Kirsten O'Brien/The AS Review

The cast of last year's performance of "The Rocky Horror Picture Show." Photo by Erik Simkins/The AS Review

Pull on your fishnets, dust off your highest pair of heels and lace up your corset, because “The Rocky Horror Picture Show” is once again returning to Western for a night of absolute pleasure.

The 1975 cult classic is shown every year, drawing crowds of scantily clad audience members who use props to mimic scenes from the film. Onstage, live performers act out scenes and dance along to the film’s musical numbers while it plays in the background. Auditions to be part of the cast will be held at 7 p.m. on Thursday, Oct. 7, in VU 462 A.

Josh Foley, coordinator of the AS Lesbian, Gay, Bisexual and Transgender Alliance, said the whole idea of the event is to have fun. No previous acting experience is required, and anyone who is passionate   about the movie is welcome to try out.

“Mostly, we just want to see people getting out of their comfort zone,” Foley said. “We want to see people have fun with it.”

Even if there are no cast member roles available, Foley said students can help by promoting the event or leading audience participation during the film.

The LGBTA and ASP Films will host the event on Oct. 30 in Arntzen 100. In the past, the event has been so popular that the traditional midnight showing has sold out, so this year a second showing at 9 p.m. has been added.

Foley said students should attend both show times if they want to guarantee themselves a spot.

“It’s an experience like no other on campus all year,” said Foley. “You’ll definitely be hearing about it if you don’t go.”
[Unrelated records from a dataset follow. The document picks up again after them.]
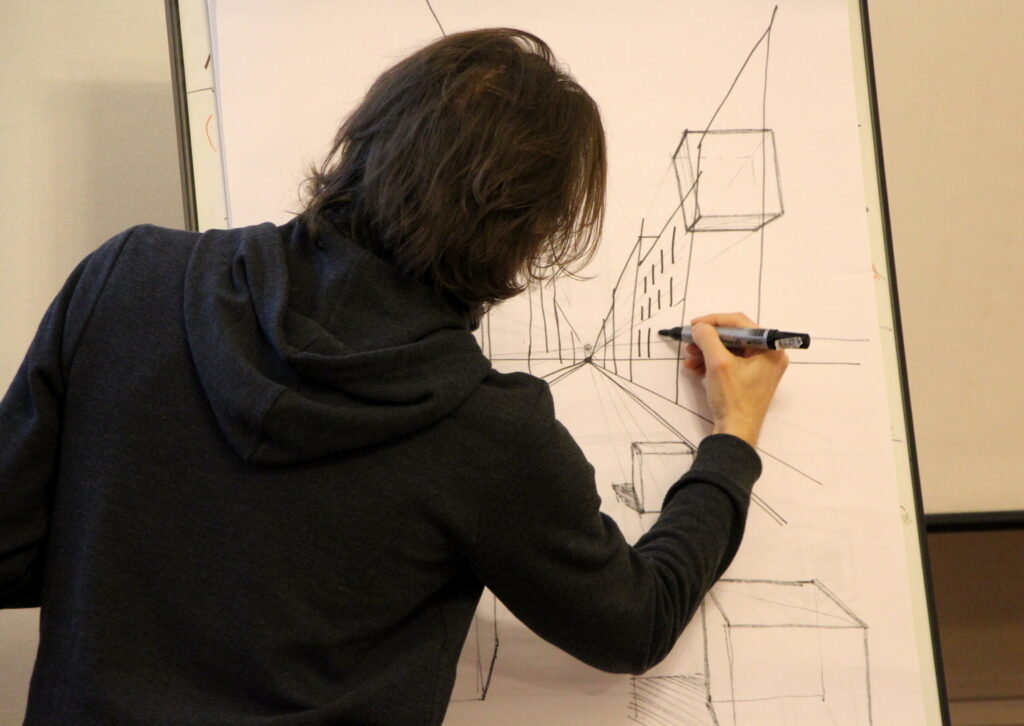 Uczeń wykonujący rysunek na desce kreślarskiej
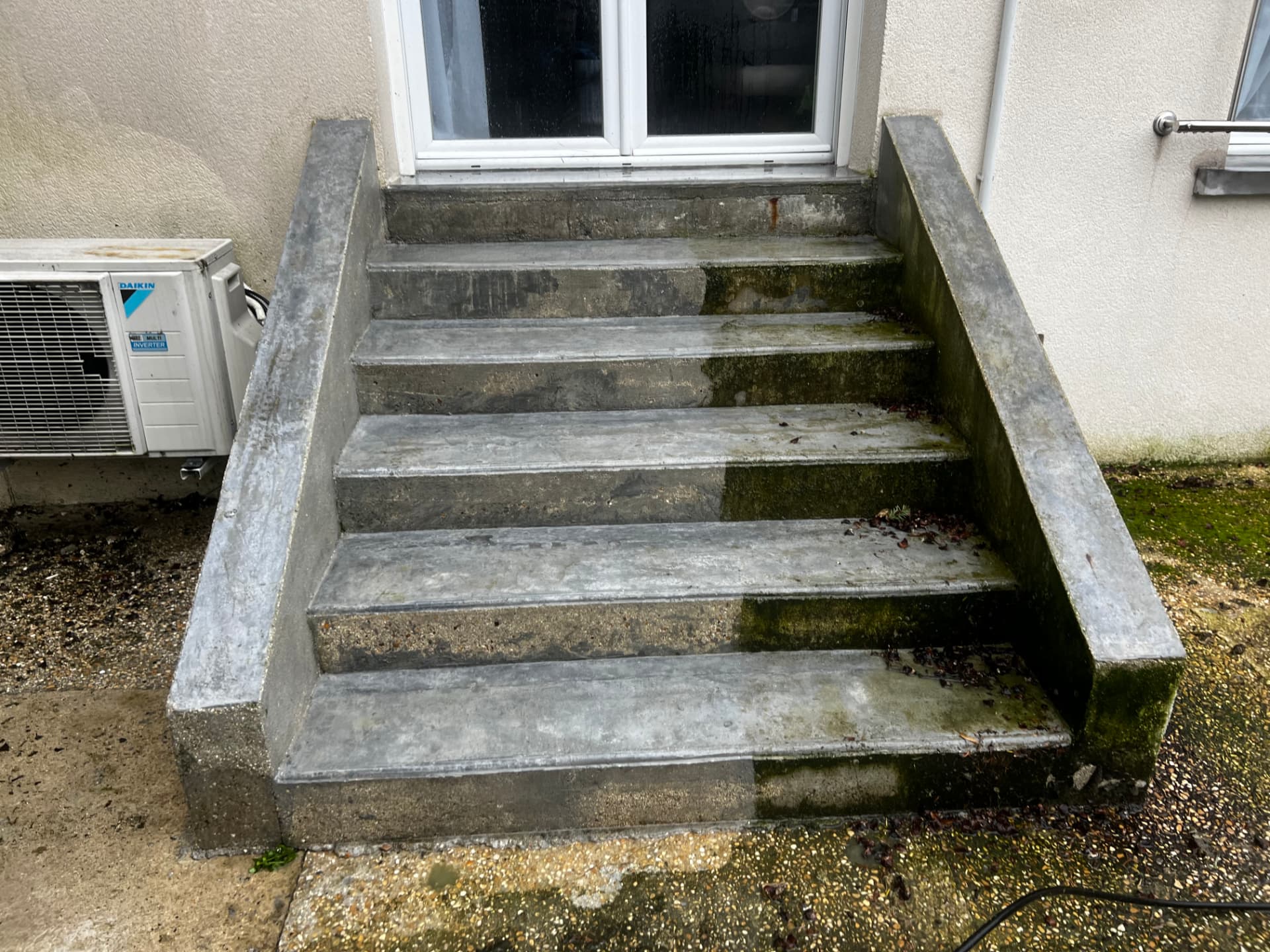 Escalier béton en cours de nettoyage haute pression, mousses et lichens éliminés à mi-parcours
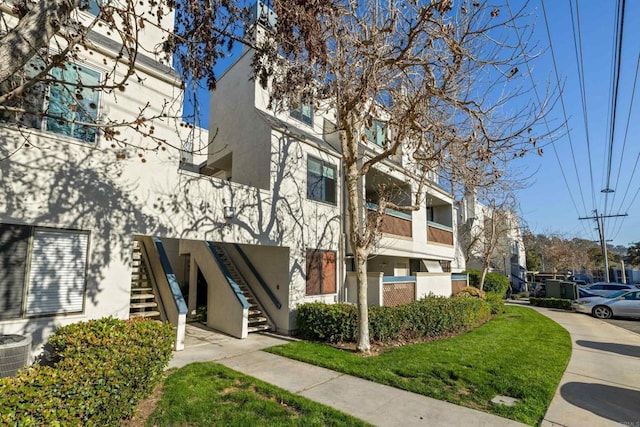 view of property with central AC and stairway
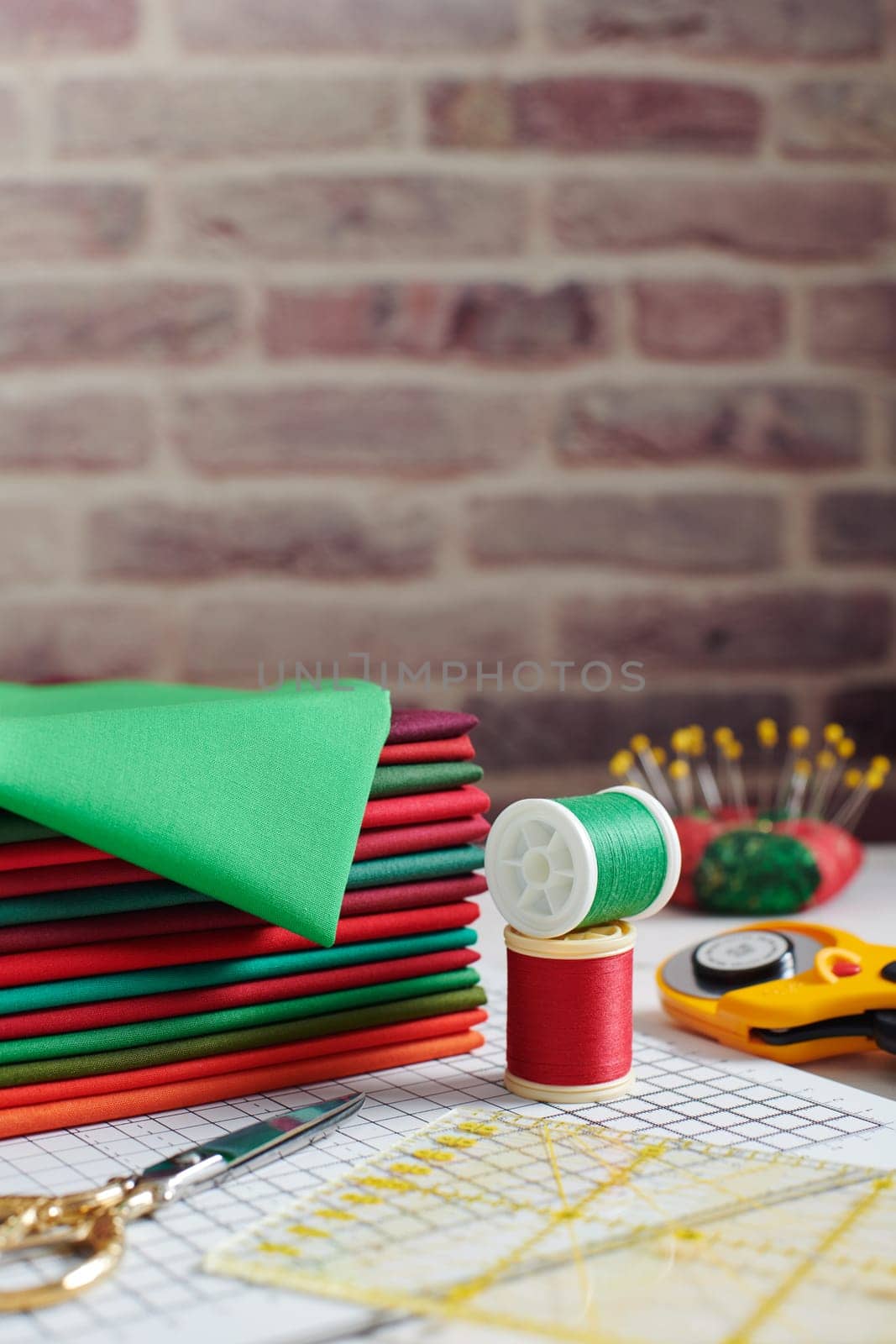 Stack of red and green fabrics surrounded by sewing and quilting accessories on brick wall background
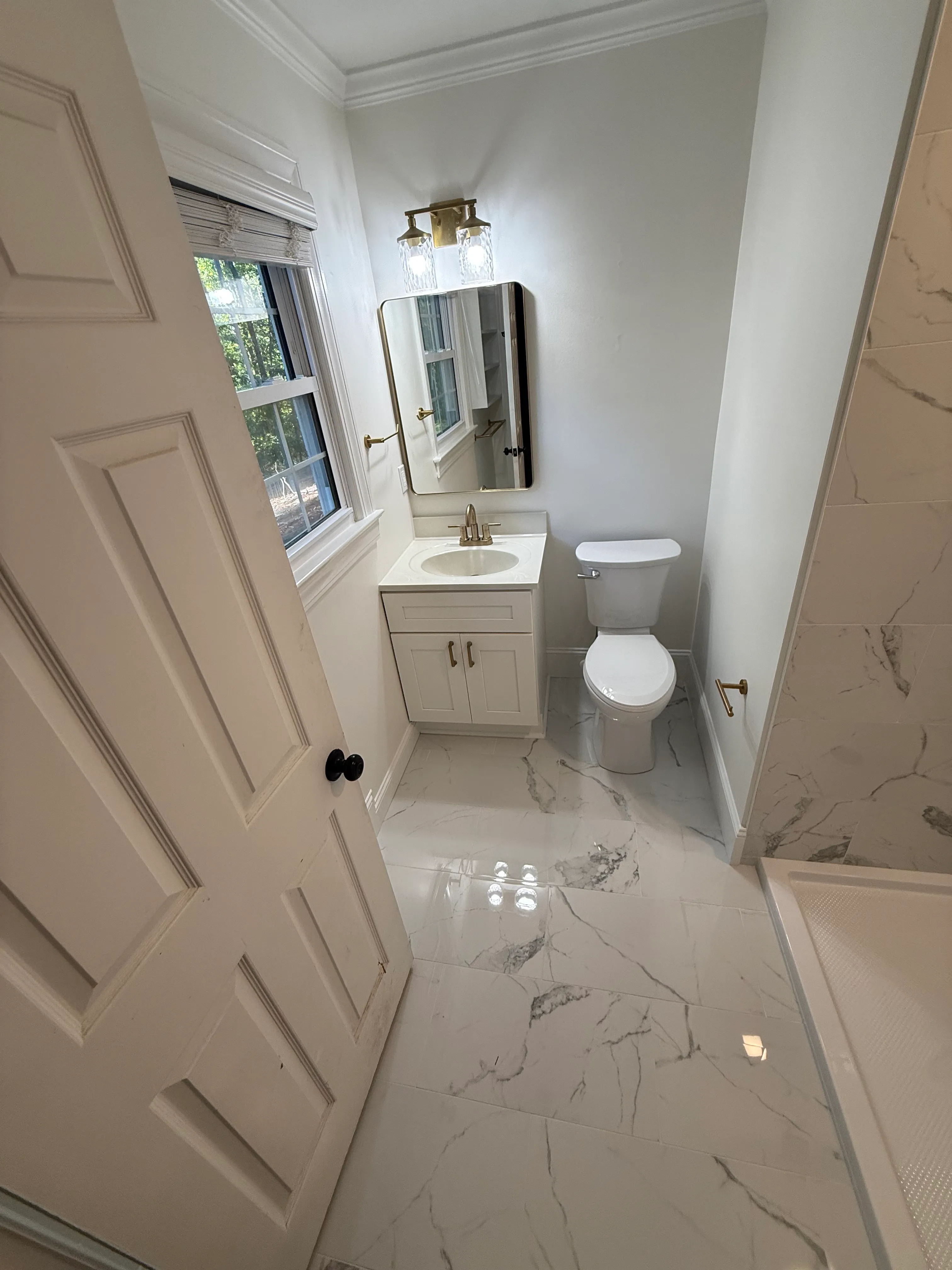 Small bathroom with white marble tiled floor, white wooden door partially open, window with white blinds, white vanity with sink and brass faucet, rectangular mirror with brass frame, two-bulb brass light fixture above, white toilet, and a corner shower with marble tiled walls.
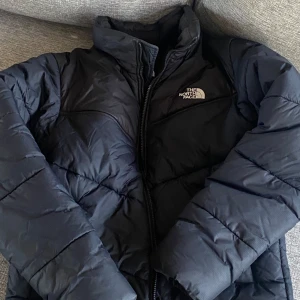 Svart dunjacka från The North Face - Snygg och varm svart dunjacka från The North Face med dragkedja och hög krage. Perfekt för kyliga dagar. 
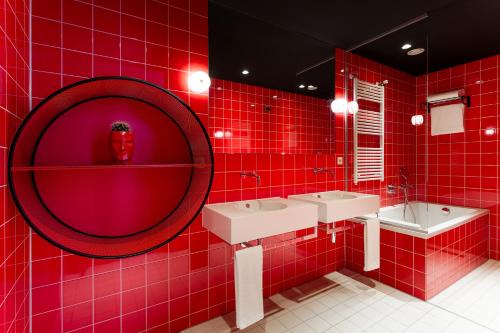 a red bathroom with two sinks and a mirror at Room Mate Bruno, Rotterdam in Rotterdam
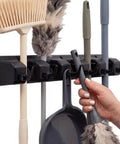 Heavy Duty Broom And Mop Wall Mount Organizer With Five Slots And Six Hooks Wall Mounted Broom Rack For Brooms Mops And Cleaning Tools No Fuss Space Saving Storage Solution For Kitchen Garage Laundry And Garden, holding a broom and cleaning tools.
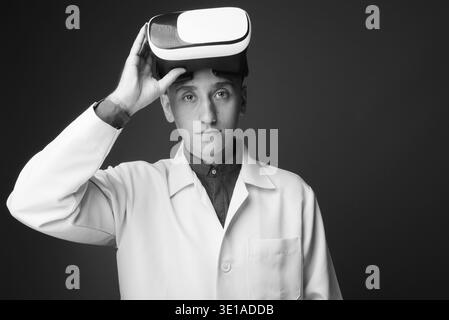 Studio Aufnahme von jungen schönen Mann Arzt tragen virtuelle Realität Headset vor grauem Hintergrund in Schwarz und Weiß Stockfoto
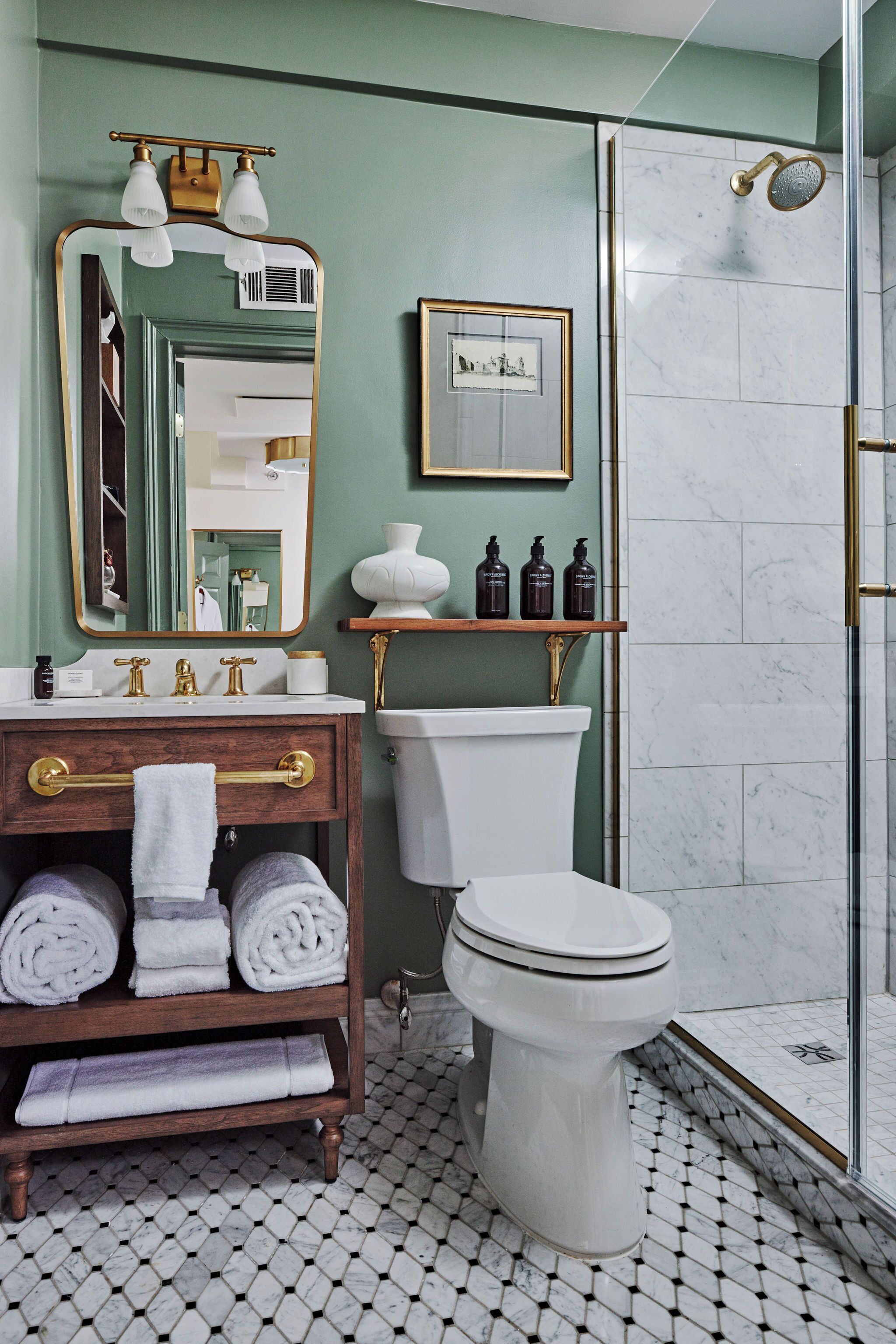 A bathroom with a toilet, sink, and shower.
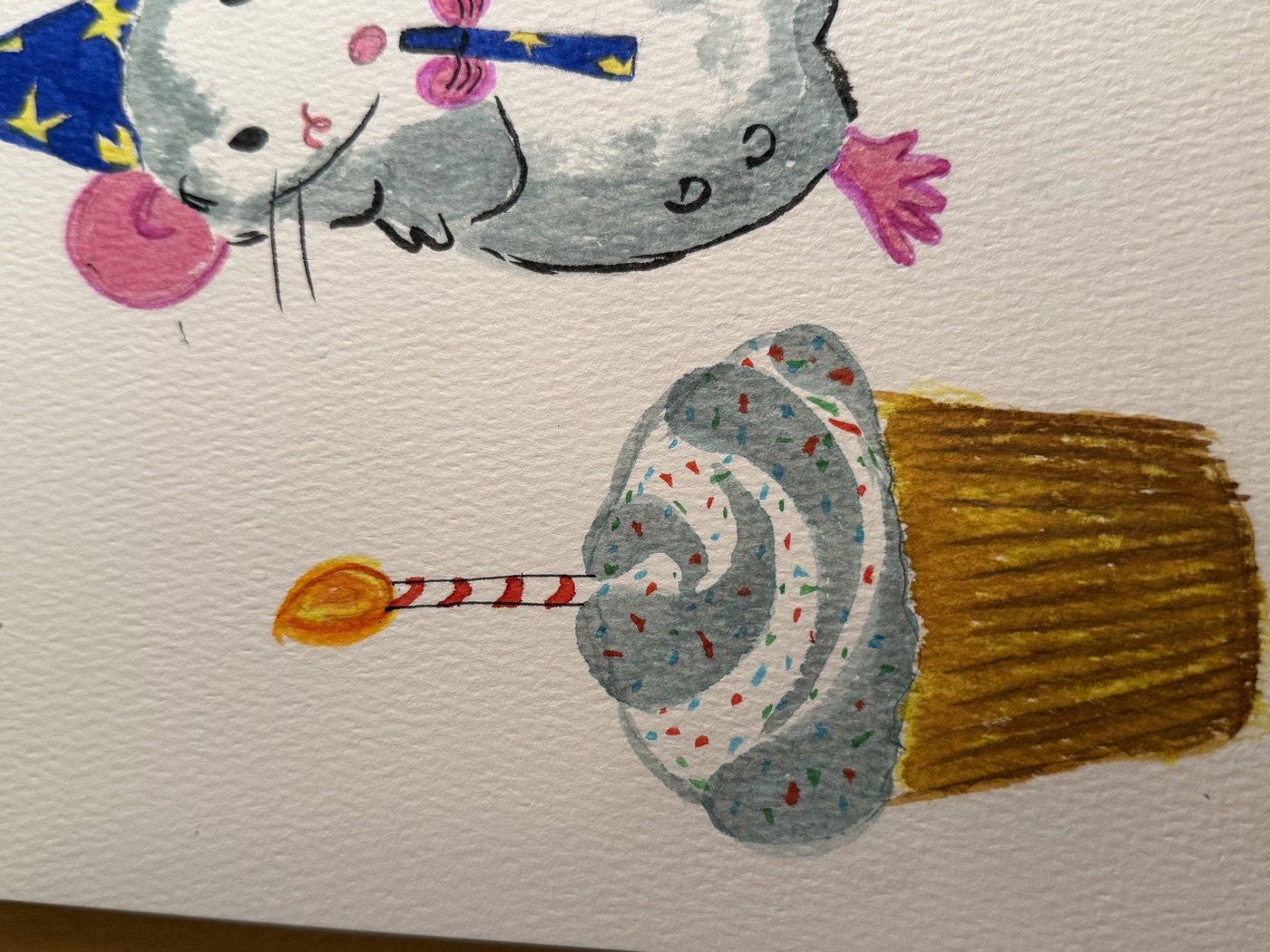 Watercolor painting of a mouse in a party hat next to a birthday cupcake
The film itself follows a newly married couple, Brad Majors and Janet Weiss. In stereotypical horror movie fashion, they find themselves stranded after their car breaks down on a lonely country road. Of course, the only available refuge is a dark, looming castle with some very interesting inhabitants. They meet the castle’s eccentric owner, Dr. Frank-N-Furter, who is part mad scientist, part drag queen. From there, the audience, along with Brad and Janet, are thrown into Frank-N-Furter’s world of blurred gender lines, messy love triangles and outrageous fun.

Foley said that although the film is meant to entertain, it also has an important message about gender roles and identity.

“The movie doesn’t take identity so seriously,” he said. “It plays with gender roles and has fun with them. A movie like this is just so different in that way.”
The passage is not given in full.